Начало пути (СИ) - Аржанов Алексей - Страница 11
- Предыдущая
- 11/85
- Следующая
Вот и вся его услуга. Соглядатай при капитане, купленный в рассрочку, за сто двадцать рублей чужого мне долга.
— Я под запретом, Евграф Саввич, — ровным тоном сказал я. — К больным меня не допускают. К капитану тем паче. Писать мне будет нечего.
— Полно вам, голубчик, — он даже руками всплеснул. — Запрет ваш, сказывают, не сегодня-завтра снимут. Завтра у вас, слышал я, день значительный. В полдень.
Он знает и про это. Откуда я выяснять не стал. Вопросом я показал бы, что укол дошёл, — ему же того только и надобно.

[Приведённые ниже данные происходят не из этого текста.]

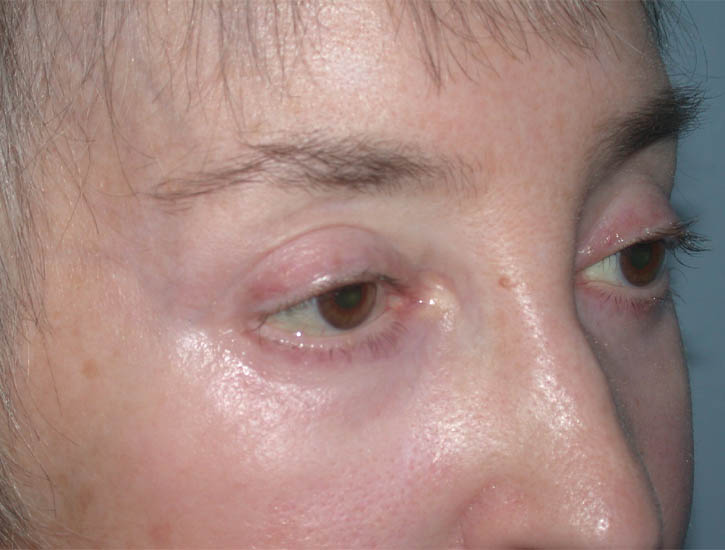 Blepharoplasty case #4858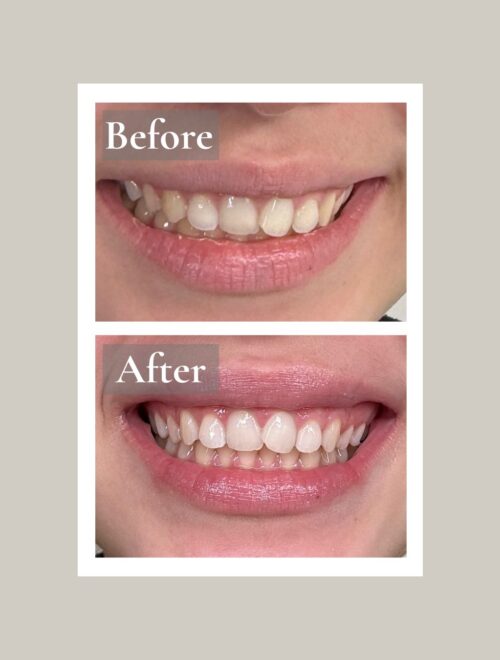 Teeth whitening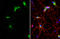 Collagen Type VI Alpha 1 Chain antibody, GTX109963, GeneTex, Immunocytochemistry image 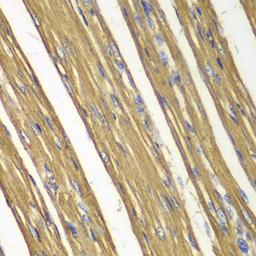 Immunohistochemistry - Caspase-7 antibody (A0716)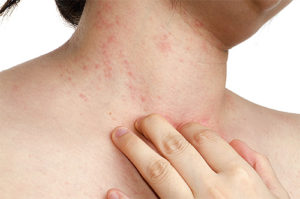 Сыпь и пятна на теле на нервной почве (аллергия, крапивница, с фото)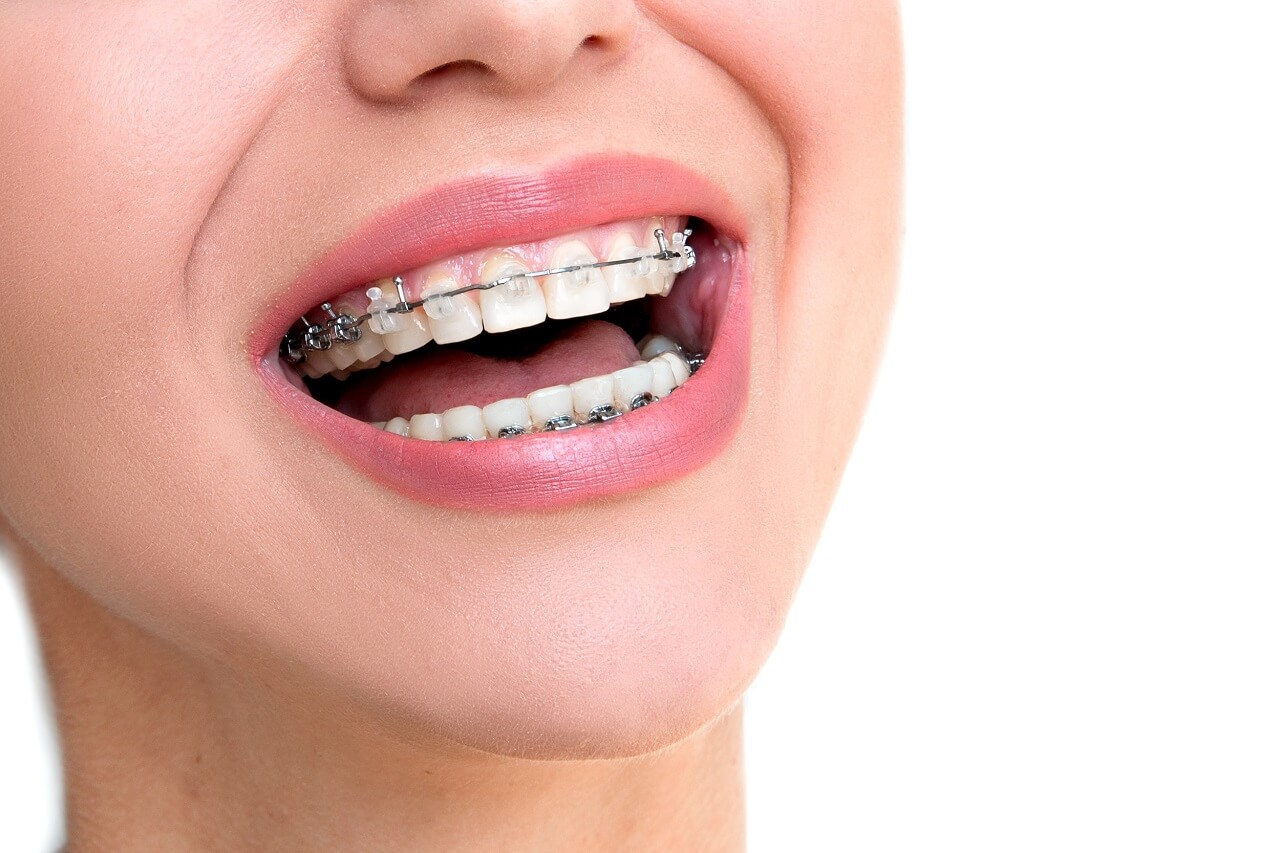 damon clear braces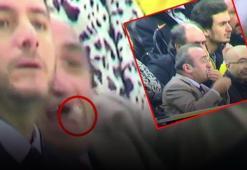 Abdurrahim Albayrak'ın dişleri işte böyle döküldü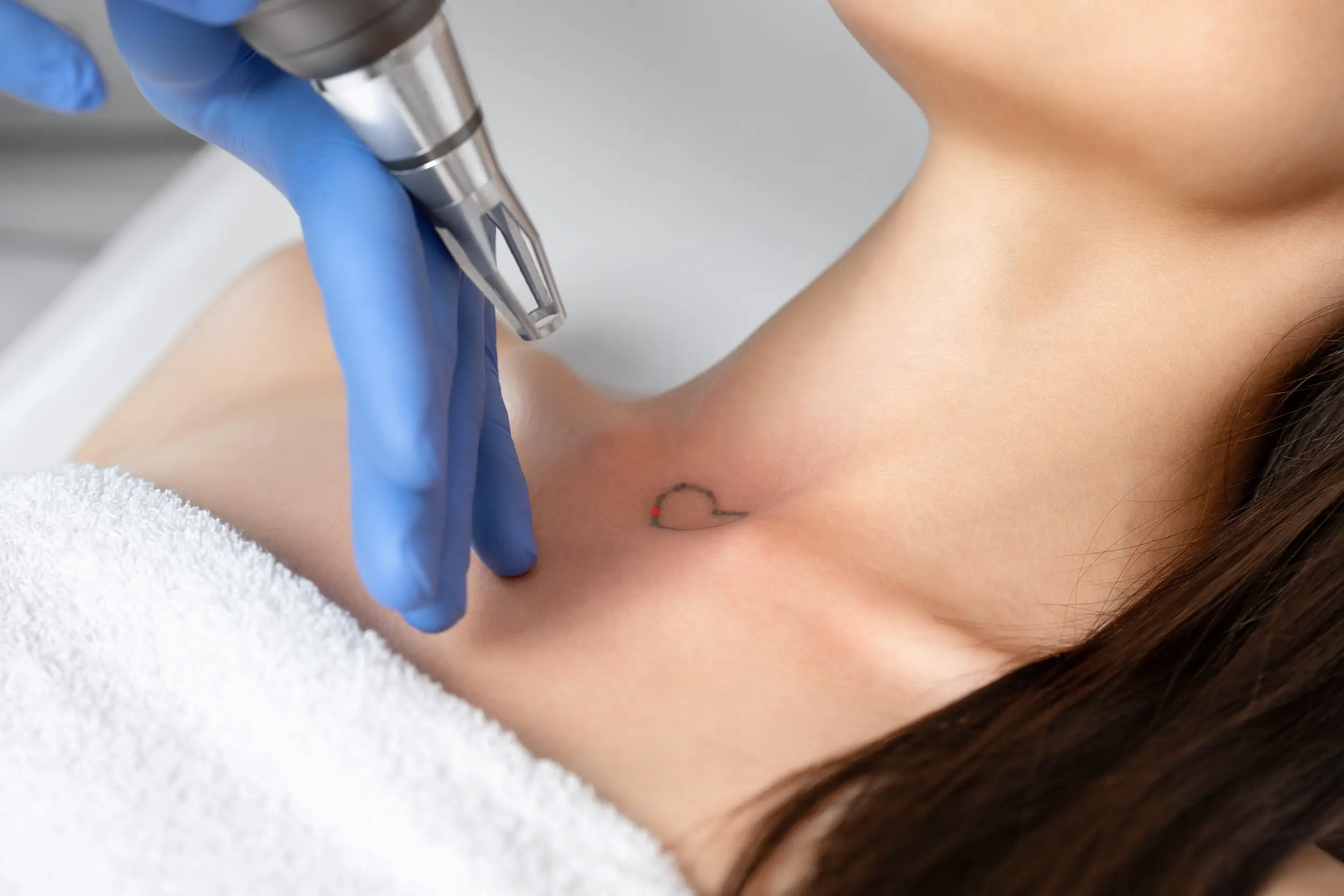 what is laser tattoo removal 1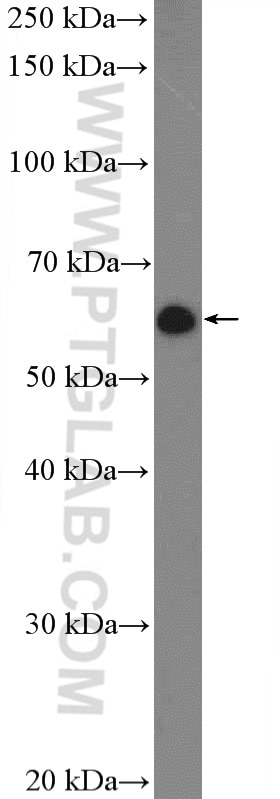 Western Blot (WB) analysis of HepG2 cells using CREB3L2 Polyclonal antibody (14514-1-AP)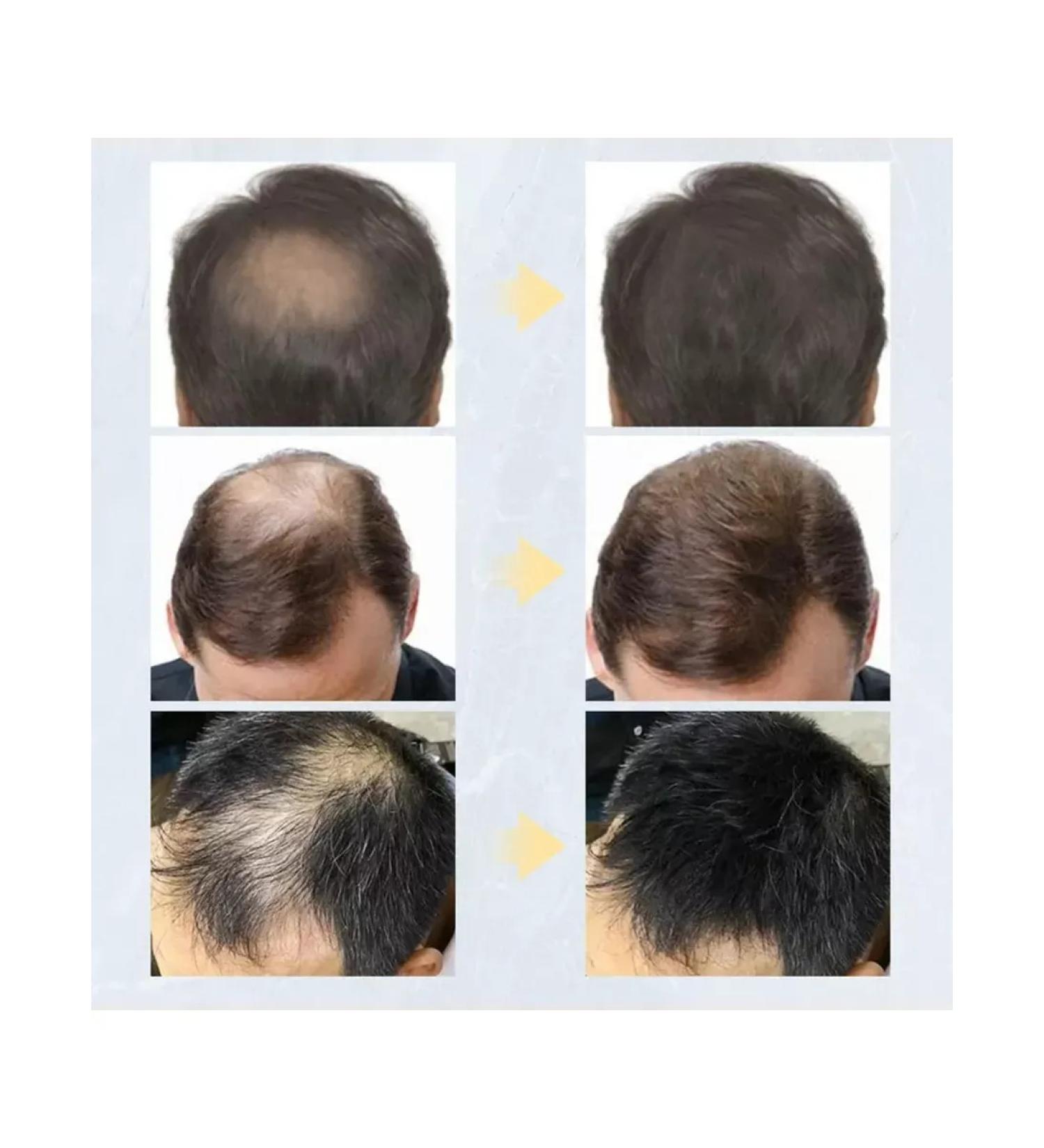 ThickenersBox Thickener for hair and beard powder - Buy Online on GoSupps.com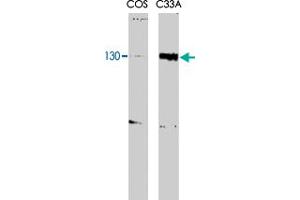 RBL2 monoclonal antibody, clone KAB40  recognizes both the phosphorylated and unphosphorylated forms of p130 at aMW of 130kDa.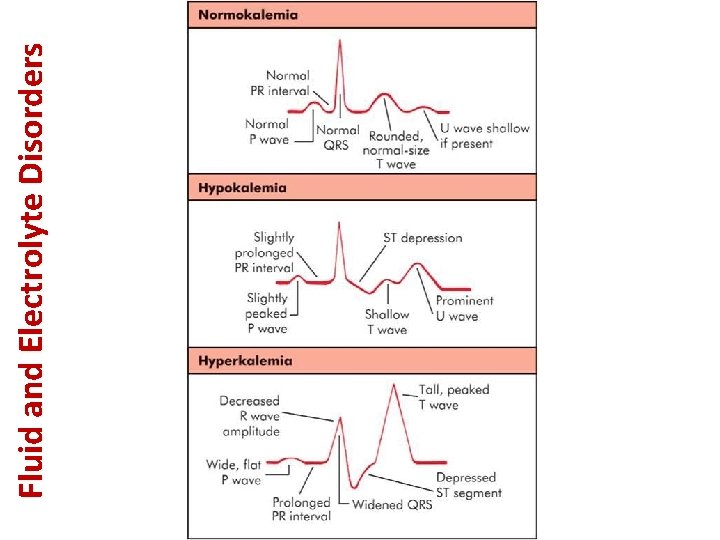 Fluid and Electrolyte Disorders 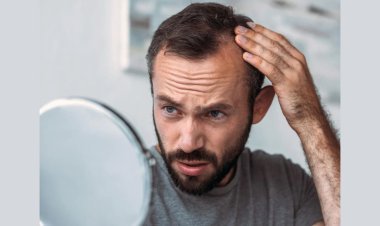 Stress-Induced Hair Fall: How Homeopathy Offers Natural Solution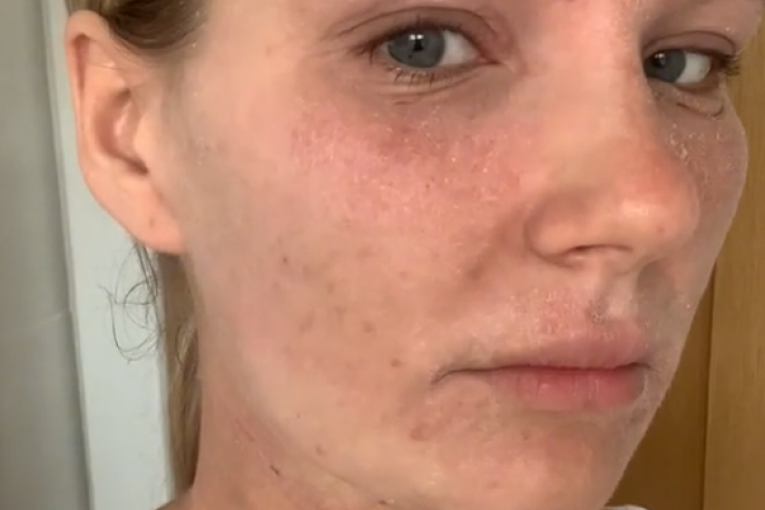 Spaljena koža nakon kreme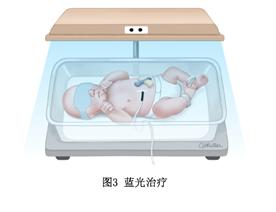 #你的育儿经#新生儿黄疸，茵栀黄，益生菌有用吗？
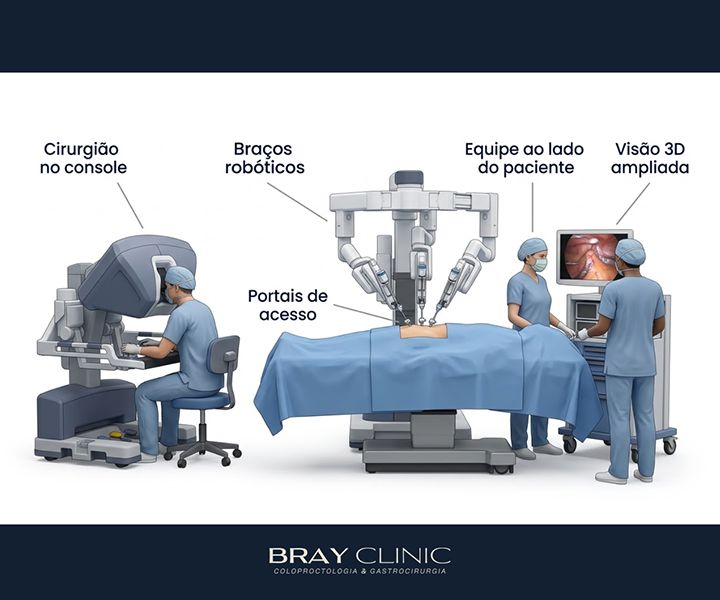 Cirurgia robótica na coloproctologia: o que muda para o paciente na prática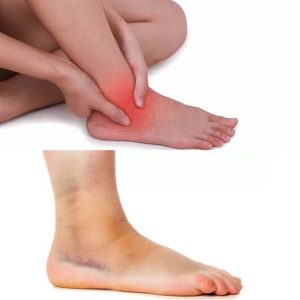 лечение артрита суставов стопы ног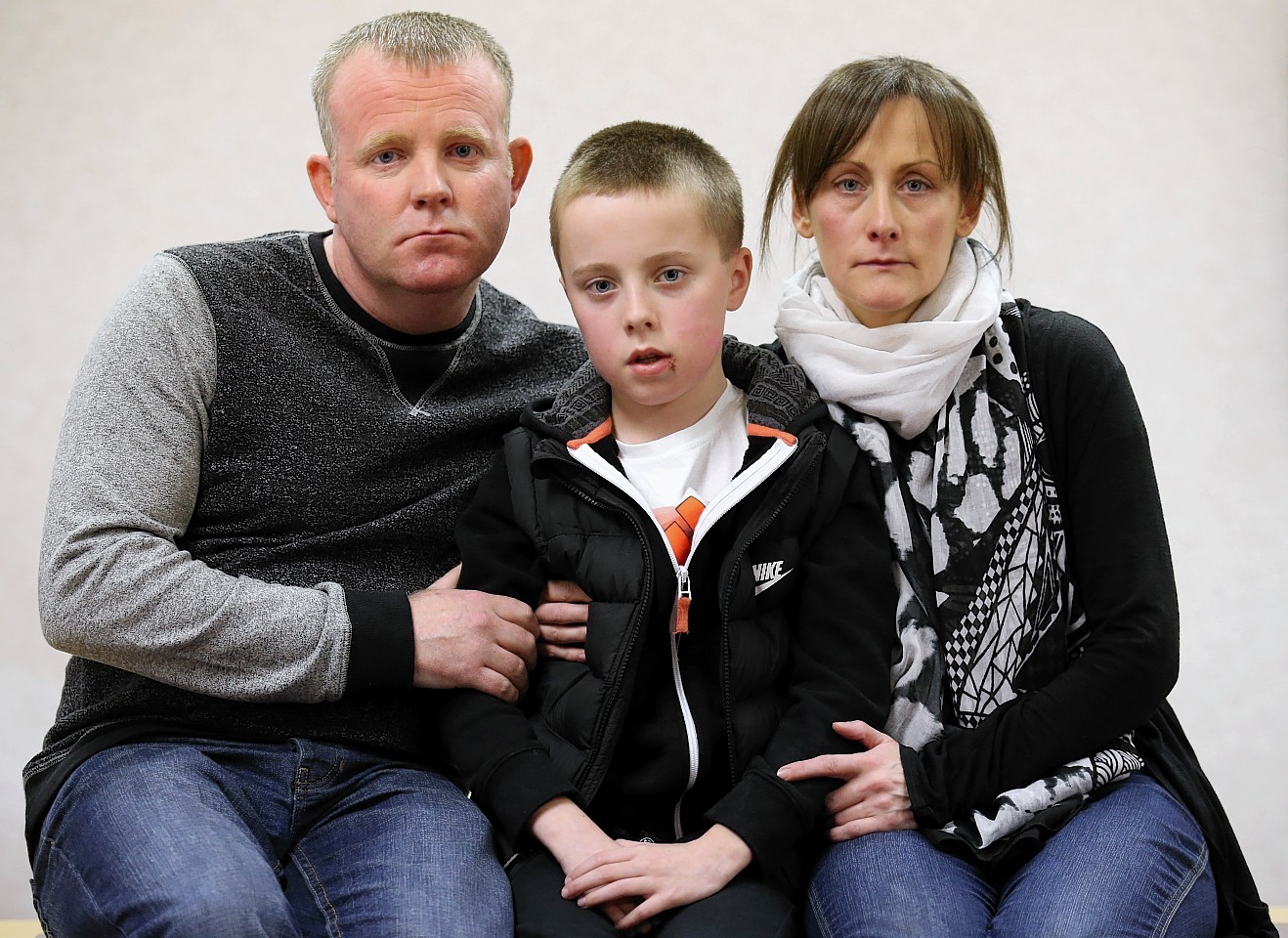 Kieran Duffy was left with two missing teeth and a hairline fracture to his face 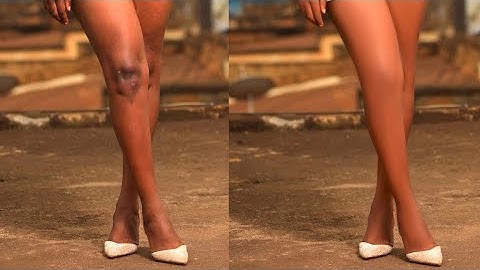 Fix Dark Knees and Knuckles In Photoshop
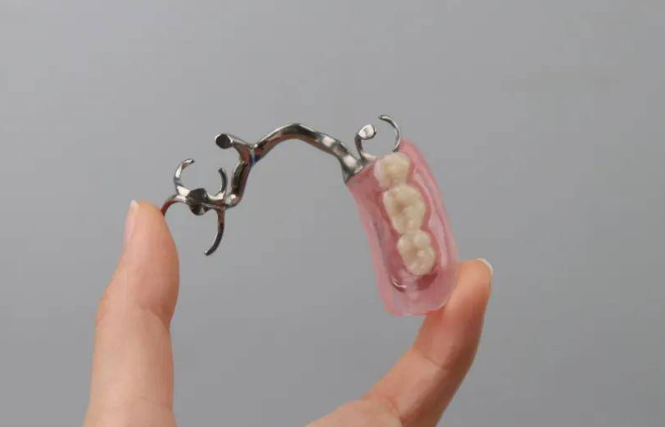 纯钛义齿和吸附性义齿哪个好？牙床条件好选纯钛义齿，全口无牙选吸附性义齿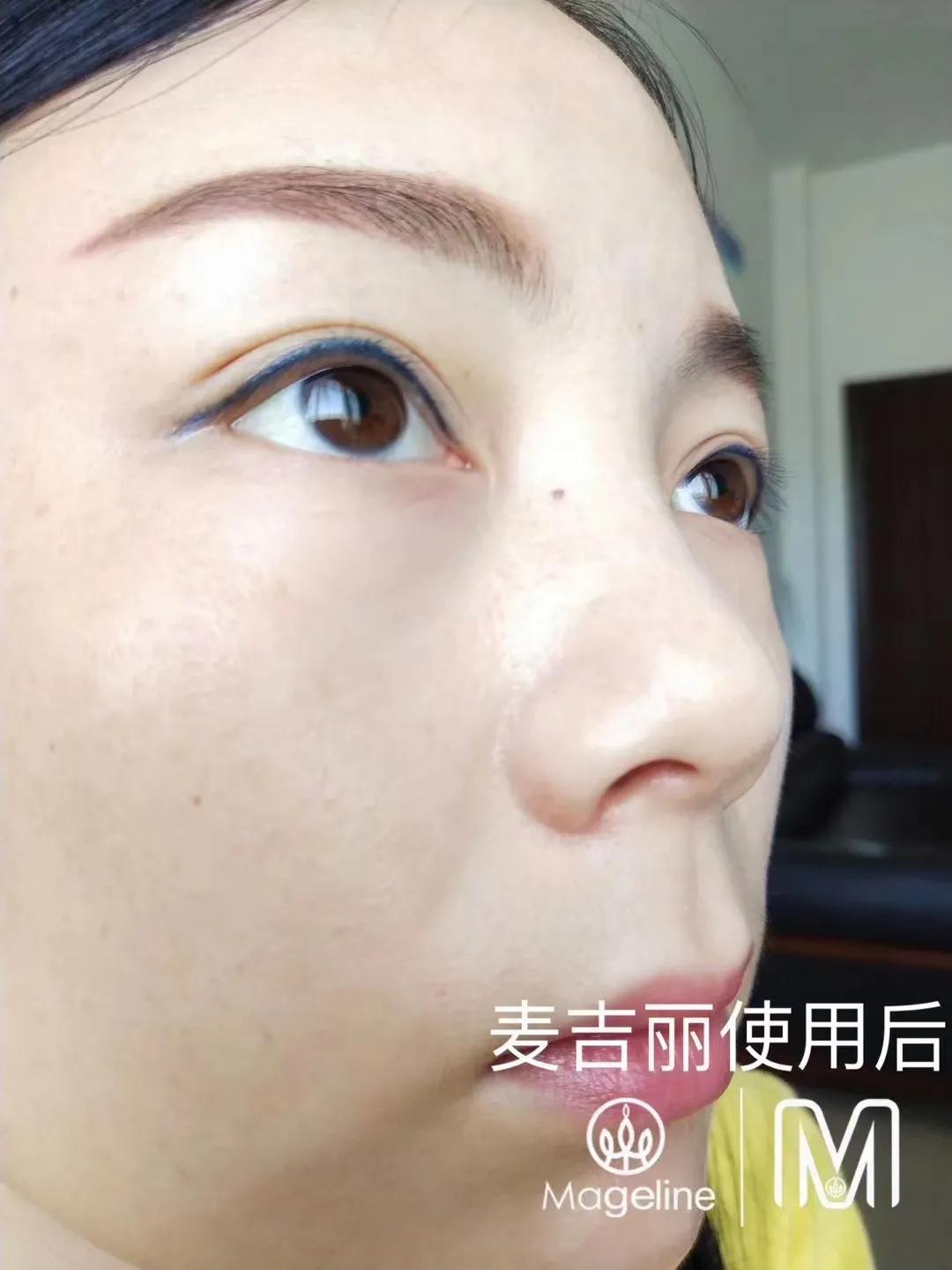 甜甜专业祛斑祛痘,甜甜祛斑直播间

— А ежели писать всё одно будет нечего? Капитан со мной о Компании говорить не станет. Я ему не собеседник, я подлекарь.
— Пишите, что есть, — он подвинул мне блюдо с пирогом, с обманчивой заботой. — Мне, Андрей Ильич, и малое годится. Из малого большое складывается. А чтобы дело наше не откладывать, начнём нынче же. Скажите мне, голубчик, о чём вас вчера Василий Михайлович расспрашивал. Вы ведь у него в каюте побывали, эдакая честь для подлекаря.
И про каюту знал. Я смотрел на его аккуратно сложенные руки и одновременно решал в уме новую задачу. Соврать нельзя. Враньё он проверит и поймает меня на нём, поэтому и спрашивает о том, что знает сам. Промолчать тоже нельзя, это приведёт к долговой яме. Оставался третий вариант, и я его выбрал.
— О матросе расспрашивал, которому ногу перебило. Лекарь меня списать просит, а капитан положил поглядеть ногу сам. Тем и кончилось. Грозил, что второй раз на меня времени тратить не станет.
Я сказал правду до последнего слова. И эта правда мне ничего не стоила, потому что к вечеру её знала уже половина рейда.
— Вот видите, как оно просто, — Евграф Саввич кивнул. — И язык не отсох, и душа цела. Так и станем жить, Андрей Ильич.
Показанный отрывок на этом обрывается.